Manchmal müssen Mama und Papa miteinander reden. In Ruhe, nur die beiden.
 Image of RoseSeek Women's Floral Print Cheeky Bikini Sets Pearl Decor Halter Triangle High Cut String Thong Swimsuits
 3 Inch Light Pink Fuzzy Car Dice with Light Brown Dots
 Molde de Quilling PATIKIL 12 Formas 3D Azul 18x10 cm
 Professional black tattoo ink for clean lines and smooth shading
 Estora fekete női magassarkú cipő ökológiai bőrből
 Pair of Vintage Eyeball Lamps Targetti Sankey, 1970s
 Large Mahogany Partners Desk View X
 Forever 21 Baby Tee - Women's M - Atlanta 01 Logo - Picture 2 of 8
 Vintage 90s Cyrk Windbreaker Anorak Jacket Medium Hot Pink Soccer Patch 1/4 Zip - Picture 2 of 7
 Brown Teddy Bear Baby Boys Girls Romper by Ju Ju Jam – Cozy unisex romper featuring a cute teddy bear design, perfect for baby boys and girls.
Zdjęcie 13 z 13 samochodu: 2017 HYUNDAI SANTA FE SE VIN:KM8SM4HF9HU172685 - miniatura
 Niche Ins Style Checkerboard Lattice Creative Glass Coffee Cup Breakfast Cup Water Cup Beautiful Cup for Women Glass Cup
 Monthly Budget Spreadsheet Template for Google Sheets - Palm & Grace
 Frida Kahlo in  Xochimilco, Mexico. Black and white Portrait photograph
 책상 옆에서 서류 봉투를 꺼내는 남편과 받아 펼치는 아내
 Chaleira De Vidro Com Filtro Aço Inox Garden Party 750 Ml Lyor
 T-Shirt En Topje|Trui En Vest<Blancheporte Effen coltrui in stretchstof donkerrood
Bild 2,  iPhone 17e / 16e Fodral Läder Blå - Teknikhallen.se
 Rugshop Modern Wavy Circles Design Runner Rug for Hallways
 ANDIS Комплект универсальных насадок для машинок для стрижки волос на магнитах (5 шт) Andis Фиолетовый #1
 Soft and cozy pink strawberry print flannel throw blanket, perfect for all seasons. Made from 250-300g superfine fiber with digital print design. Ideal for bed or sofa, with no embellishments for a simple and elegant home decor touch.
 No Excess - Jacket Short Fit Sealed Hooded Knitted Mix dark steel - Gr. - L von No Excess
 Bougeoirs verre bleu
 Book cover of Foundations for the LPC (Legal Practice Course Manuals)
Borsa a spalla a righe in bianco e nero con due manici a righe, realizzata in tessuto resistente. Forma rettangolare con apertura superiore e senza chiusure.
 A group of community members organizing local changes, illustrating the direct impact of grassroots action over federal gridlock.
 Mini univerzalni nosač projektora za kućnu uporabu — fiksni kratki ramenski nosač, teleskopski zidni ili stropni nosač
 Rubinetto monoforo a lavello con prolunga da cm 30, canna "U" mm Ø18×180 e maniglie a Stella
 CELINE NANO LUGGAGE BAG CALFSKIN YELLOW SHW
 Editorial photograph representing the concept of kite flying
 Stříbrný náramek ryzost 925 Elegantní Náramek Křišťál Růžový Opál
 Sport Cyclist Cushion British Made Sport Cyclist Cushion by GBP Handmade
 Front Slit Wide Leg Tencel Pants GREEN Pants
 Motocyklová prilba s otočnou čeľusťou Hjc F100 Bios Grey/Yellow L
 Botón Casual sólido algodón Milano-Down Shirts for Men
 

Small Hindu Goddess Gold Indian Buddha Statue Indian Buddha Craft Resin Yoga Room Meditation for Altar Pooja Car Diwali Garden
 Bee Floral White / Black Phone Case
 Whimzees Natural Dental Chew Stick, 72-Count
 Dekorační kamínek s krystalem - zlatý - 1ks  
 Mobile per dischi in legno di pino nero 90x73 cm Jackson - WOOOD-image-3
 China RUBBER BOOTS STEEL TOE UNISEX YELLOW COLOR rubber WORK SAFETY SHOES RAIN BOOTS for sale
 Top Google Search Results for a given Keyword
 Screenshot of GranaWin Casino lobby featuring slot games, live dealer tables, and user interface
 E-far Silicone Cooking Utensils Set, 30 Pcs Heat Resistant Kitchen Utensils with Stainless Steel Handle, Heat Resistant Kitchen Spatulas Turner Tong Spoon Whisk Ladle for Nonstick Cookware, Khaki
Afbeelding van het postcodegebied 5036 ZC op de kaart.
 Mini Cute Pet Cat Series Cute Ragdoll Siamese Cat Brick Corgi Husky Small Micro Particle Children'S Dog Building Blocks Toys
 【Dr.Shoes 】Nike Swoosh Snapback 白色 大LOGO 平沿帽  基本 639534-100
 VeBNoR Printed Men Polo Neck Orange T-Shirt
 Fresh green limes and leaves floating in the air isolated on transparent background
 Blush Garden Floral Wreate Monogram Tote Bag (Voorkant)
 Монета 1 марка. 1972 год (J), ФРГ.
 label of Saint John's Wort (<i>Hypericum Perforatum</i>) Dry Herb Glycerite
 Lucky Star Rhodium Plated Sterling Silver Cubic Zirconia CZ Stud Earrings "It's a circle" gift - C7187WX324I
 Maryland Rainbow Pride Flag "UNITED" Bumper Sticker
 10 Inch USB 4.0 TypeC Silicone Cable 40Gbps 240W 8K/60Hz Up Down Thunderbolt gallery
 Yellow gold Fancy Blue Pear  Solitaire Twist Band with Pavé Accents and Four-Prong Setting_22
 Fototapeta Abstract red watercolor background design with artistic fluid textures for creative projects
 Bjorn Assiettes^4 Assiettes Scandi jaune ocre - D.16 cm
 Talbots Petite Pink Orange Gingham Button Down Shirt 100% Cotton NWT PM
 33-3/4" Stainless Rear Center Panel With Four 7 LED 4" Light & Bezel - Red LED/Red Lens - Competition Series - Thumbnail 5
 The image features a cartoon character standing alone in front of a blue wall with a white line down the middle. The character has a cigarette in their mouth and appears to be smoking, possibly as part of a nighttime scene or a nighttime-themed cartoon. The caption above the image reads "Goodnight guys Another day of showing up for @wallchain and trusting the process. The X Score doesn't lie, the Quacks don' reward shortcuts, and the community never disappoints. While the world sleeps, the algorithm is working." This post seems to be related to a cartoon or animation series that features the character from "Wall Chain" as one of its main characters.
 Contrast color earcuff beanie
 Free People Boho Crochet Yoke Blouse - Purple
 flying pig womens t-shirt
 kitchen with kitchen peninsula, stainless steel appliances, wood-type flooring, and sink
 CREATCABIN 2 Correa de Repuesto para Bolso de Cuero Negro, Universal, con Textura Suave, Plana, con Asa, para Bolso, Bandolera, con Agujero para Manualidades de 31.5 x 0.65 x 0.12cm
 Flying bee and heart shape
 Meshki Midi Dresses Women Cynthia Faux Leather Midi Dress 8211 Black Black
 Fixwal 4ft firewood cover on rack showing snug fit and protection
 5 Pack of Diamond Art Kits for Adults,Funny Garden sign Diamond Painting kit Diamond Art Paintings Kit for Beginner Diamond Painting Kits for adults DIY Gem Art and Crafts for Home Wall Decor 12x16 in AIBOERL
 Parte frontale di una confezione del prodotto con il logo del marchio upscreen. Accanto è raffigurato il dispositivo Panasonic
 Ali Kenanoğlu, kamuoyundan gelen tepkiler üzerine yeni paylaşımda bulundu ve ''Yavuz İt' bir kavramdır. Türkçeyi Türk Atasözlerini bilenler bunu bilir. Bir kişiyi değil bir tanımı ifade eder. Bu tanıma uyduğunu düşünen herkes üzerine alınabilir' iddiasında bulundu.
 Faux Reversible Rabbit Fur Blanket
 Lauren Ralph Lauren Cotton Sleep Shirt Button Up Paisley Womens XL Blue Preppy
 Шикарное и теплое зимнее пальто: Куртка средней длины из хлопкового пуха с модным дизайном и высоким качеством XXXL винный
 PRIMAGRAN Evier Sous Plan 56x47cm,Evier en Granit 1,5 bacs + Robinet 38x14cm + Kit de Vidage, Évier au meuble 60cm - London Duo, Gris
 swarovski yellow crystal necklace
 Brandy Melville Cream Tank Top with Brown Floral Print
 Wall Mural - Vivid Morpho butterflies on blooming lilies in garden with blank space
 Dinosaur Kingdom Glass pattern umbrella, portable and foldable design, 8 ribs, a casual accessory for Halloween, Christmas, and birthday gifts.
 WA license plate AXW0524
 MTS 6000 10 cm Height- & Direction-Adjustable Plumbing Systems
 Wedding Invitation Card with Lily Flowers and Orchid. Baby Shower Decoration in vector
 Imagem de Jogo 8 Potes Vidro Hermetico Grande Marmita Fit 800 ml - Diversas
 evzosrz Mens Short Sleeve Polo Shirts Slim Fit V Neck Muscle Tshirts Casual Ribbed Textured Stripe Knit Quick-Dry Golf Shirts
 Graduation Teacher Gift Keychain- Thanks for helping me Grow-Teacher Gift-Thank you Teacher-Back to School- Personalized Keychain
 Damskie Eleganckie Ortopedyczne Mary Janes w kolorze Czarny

━━━━━━━━━━━━━━━━━━━━

• Aim of the exercise
Return only the lines from the beginning of the material up to and including the line with "A group of community", exactly as written.

• Exercise response
Manchmal müssen Mama und Papa miteinander reden. In Ruhe, nur die beiden.
 Image of RoseSeek Women's Floral Print Cheeky Bikini Sets Pearl Decor Halter Triangle High Cut String Thong Swimsuits
 3 Inch Light Pink Fuzzy Car Dice with Light Brown Dots
 Molde de Quilling PATIKIL 12 Formas 3D Azul 18x10 cm
 Professional black tattoo ink for clean lines and smooth shading
 Estora fekete női magassarkú cipő ökológiai bőrből
 Pair of Vintage Eyeball Lamps Targetti Sankey, 1970s
 Large Mahogany Partners Desk View X
 Forever 21 Baby Tee - Women's M - Atlanta 01 Logo - Picture 2 of 8
 Vintage 90s Cyrk Windbreaker Anorak Jacket Medium Hot Pink Soccer Patch 1/4 Zip - Picture 2 of 7
 Brown Teddy Bear Baby Boys Girls Romper by Ju Ju Jam – Cozy unisex romper featuring a cute teddy bear design, perfect for baby boys and girls.
Zdjęcie 13 z 13 samochodu: 2017 HYUNDAI SANTA FE SE VIN:KM8SM4HF9HU172685 - miniatura
 Niche Ins Style Checkerboard Lattice Creative Glass Coffee Cup Breakfast Cup Water Cup Beautiful Cup for Women Glass Cup
 Monthly Budget Spreadsheet Template for Google Sheets - Palm & Grace
 Frida Kahlo in  Xochimilco, Mexico. Black and white Portrait photograph
 책상 옆에서 서류 봉투를 꺼내는 남편과 받아 펼치는 아내
 Chaleira De Vidro Com Filtro Aço Inox Garden Party 750 Ml Lyor
 T-Shirt En Topje|Trui En Vest<Blancheporte Effen coltrui in stretchstof donkerrood
Bild 2,  iPhone 17e / 16e Fodral Läder Blå - Teknikhallen.se
 Rugshop Modern Wavy Circles Design Runner Rug for Hallways
 ANDIS Комплект универсальных насадок для машинок для стрижки волос на магнитах (5 шт) Andis Фиолетовый #1
 Soft and cozy pink strawberry print flannel throw blanket, perfect for all seasons. Made from 250-300g superfine fiber with digital print design. Ideal for bed or sofa, with no embellishments for a simple and elegant home decor touch.
 No Excess - Jacket Short Fit Sealed Hooded Knitted Mix dark steel - Gr. - L von No Excess
 Bougeoirs verre bleu
 Book cover of Foundations for the LPC (Legal Practice Course Manuals)
Borsa a spalla a righe in bianco e nero con due manici a righe, realizzata in tessuto resistente. Forma rettangolare con apertura superiore e senza chiusure.
 A group of community members organizing local changes, illustrating the direct impact of grassroots action over federal gridlock.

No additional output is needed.